Installing Packages from Wheels
You type pip install flash-attn. You hit Enter. You wait. And wait. Your fan spins up like a jet engine. 10 minutes later: compilation error. Congratulations, you've experienced one of the most classic rites of passage in the ML world.
This guide explains what's going on, why some packages are a nightmare to install, and how to sidestep the pain with prebuilt wheels.
What Even Is a Wheel?
A Python wheel (.whl file) is a prebuilt binary distribution. Think of it like a zip file that contains already-compiled code, ready to be dropped into your Python environment.
When you do a normal pip install some-package, pip first checks if a wheel exists for your platform. If it does — great, it's fast. If it doesn't, pip falls back to downloading the source and compiling it on your machine.
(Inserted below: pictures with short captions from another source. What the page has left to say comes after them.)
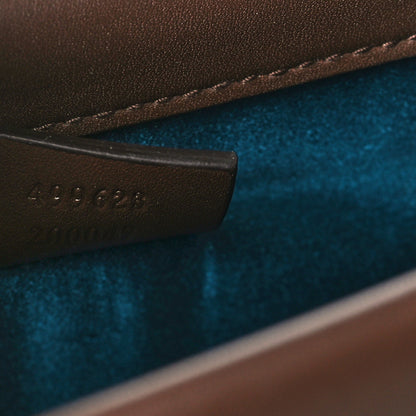 Gucci Velvet Moon Calfskin Crystal GG Monogram Small Dionysus Shoulder Bag Brown Vintage Cocoa Black Diamond 7 of 9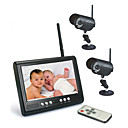 2.4GHZ 7-Inch Baby Monitor with 2x 1/4" Sharp CCD Night Vision Camera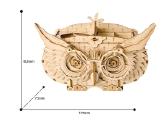 Robotime 3D apuoko medinis konstruktorius - nuotraukos Nr. 2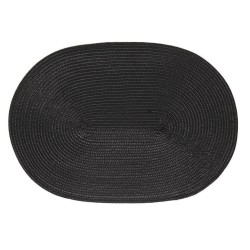 LUGAR AMERICANO LUNA OVAL 33X48CM PRETO *309097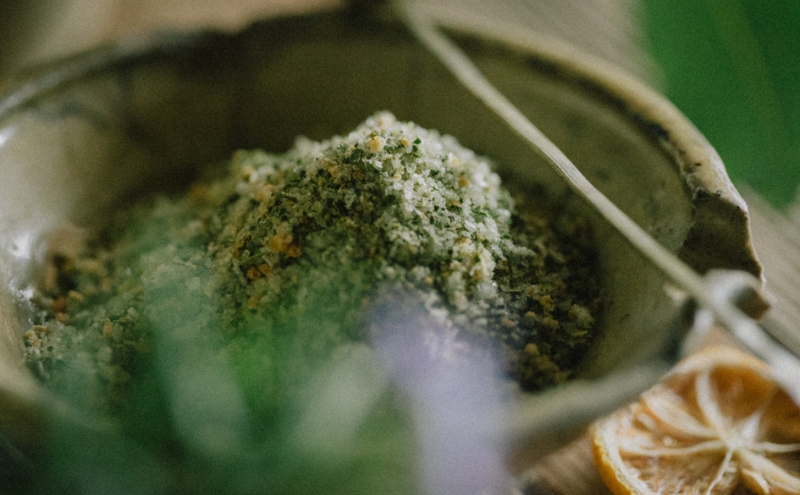 心に風 ハーブソルト レモン ＆ ローズマリー 2本入 塩 ハーブ スパイス 調味料 兵庫 兵庫県 洲本市 淡路島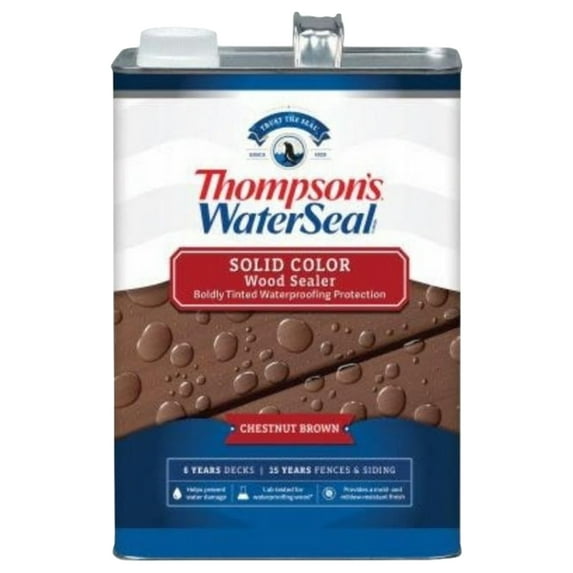Thompsons Waterseal 185957 1 gal Solid Waterproofing Stain, Chestnut Brown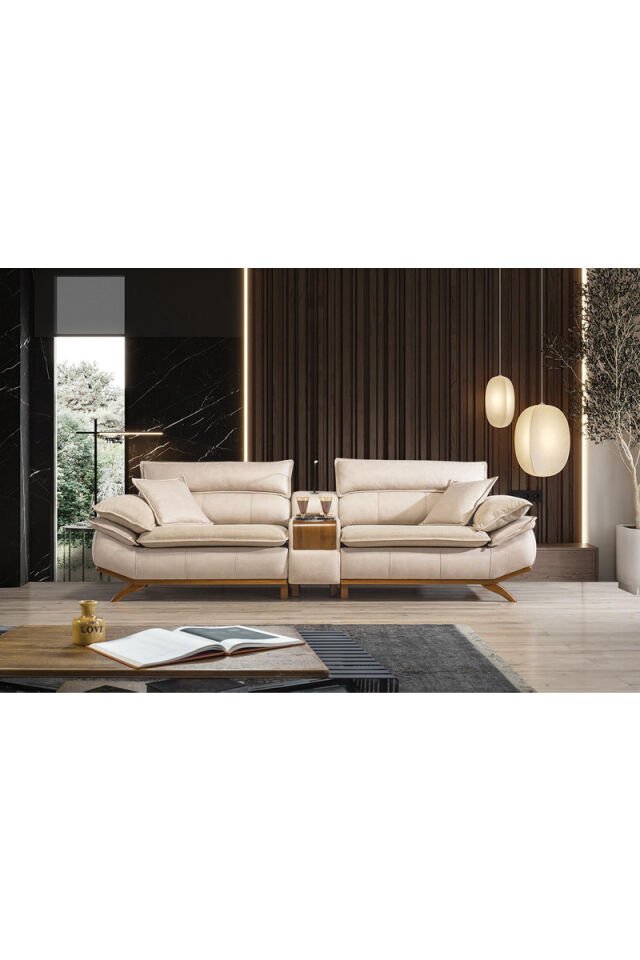 Paris 3+3+1 Sofaset Mit Mittelkonsole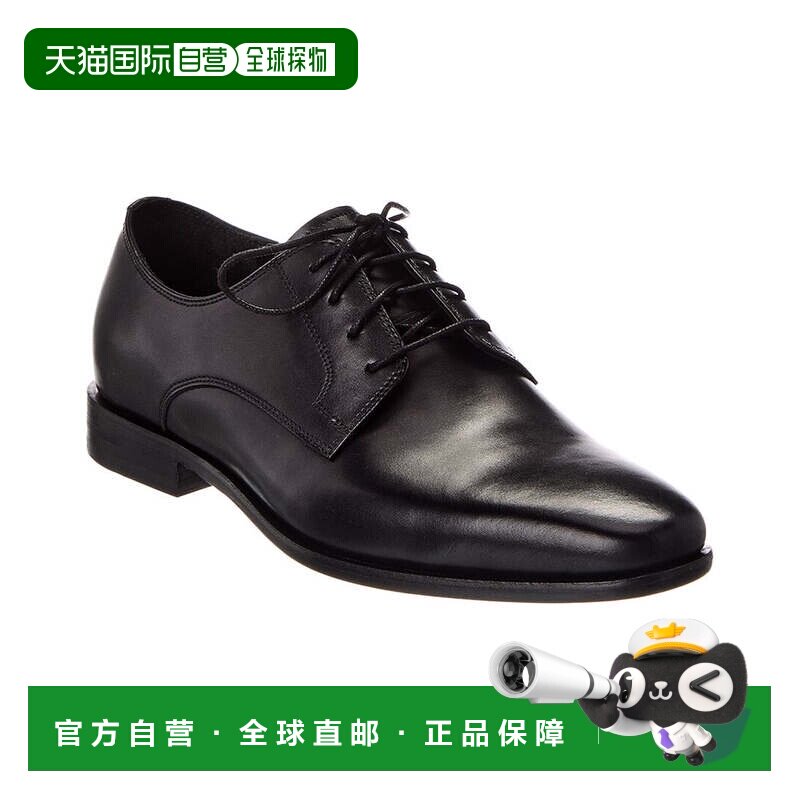 自营Curatore牛津普通鞋头皮革-黑色 德比鞋美国奥莱直发男鞋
That's where things get messy.
some_package-1.0.0-cp310-cp310-linux_x86_64.whl
│ │ │
Python ABI tag Platform
version
The filename encodes exactly what it was built for. cp310 means CPython 3.10. linux_x86_64 means 64-bit Linux. If your environment doesn't match, pip won't even try to install it.
Issue Behind the Scene
flash-attn, xformers, bitsandbytes, apex — these packages share a common trait: they have CUDA kernels baked in. That means they need to be compiled against:
- A specific CUDA version (e.g., 11.8, 12.1, 12.4)
- A specific PyTorch version (e.g., 2.1.0, 2.3.0)
- Your Python version
When you pip install flash-attn from source, your machine has to compile thousands of lines of CUDA code. This takes 15–40 minutes, requires nvcc (the NVIDIA CUDA compiler) to be installed and on your PATH, and will fail spectacularly if any version is mismatched.
The error usually looks like one of these:
# The "I don't even have a compiler" error
error: command 'gcc' failed: No such file or directory
# The "CUDA version mismatch" error
RuntimeError: CUDA error: no kernel image is available for execution on the device
# The "nvcc not found" classic
nvcc: command not found
# The cryptic one that sends you to Stack Overflow at 2am
ninja: build stopped: subcommand failed.
The Smart Way: Install from a Prebuilt Wheel
Most popular CUDA packages maintain a repo of prebuilt wheels for common CUDA + PyTorch + Python combinations. Instead of compiling, you download the exact binary you need.
Step 1: Know Your Environment
Before hunting for a wheel, figure out exactly what you're working with:
# Python version
python --version
# PyTorch version + CUDA it was built with
python -c "import torch; print(torch.__version__); print(torch.version.cuda)"
# CUDA toolkit version on your system
nvcc --version
# or, if nvcc isn't installed:
nvidia-smi # shows driver's max supported CUDA version
Example output you might see:
Python 3.10.12
2.3.0+cu121
12.1
So you need: Python 3.10, PyTorch 2.3.0, CUDA 12.1.
Step 2: Find the Right Wheel
For flash-attn, the prebuilt wheels live on GitHub releases.
Look for a filename that matches your setup. For the example above, you'd grab something like:
flash_attn-2.8.3+cu12torch2.8cxx11abiTRUE-cp310-cp310-linux_x86_64.whl
Step 3: Install It
Once you have the URL or have downloaded the file:
# Install directly from URL (no download needed)
pip install https://github.com/Dao-AILab/flash-attention/releases/download/v2.6.3/flash_attn-2.6.3+cu122torch2.3cxx11abiFALSE-cp310-cp310-linux_x86_64.whl
# or with uv
uv add https://github.com/Dao-AILab/flash-attention/releases/download/v2.6.3/flash_attn-2.6.3+cu122torch2.3cxx11abiFALSE-cp310-cp310-linux_x86_64.whl
# Or install from a local file you downloaded
pip install flash_attn-2.6.3+cu122torch2.3cxx11abiFALSE-cp310-cp310-linux_x86_64.whl
# or with uv
uv add flash_attn-2.6.3+cu122torch2.3cxx11abiFALSE-cp310-cp310-linux_x86_64.whl
Done. No compiler needed. No 30-minute wait. Just a clean, fast install.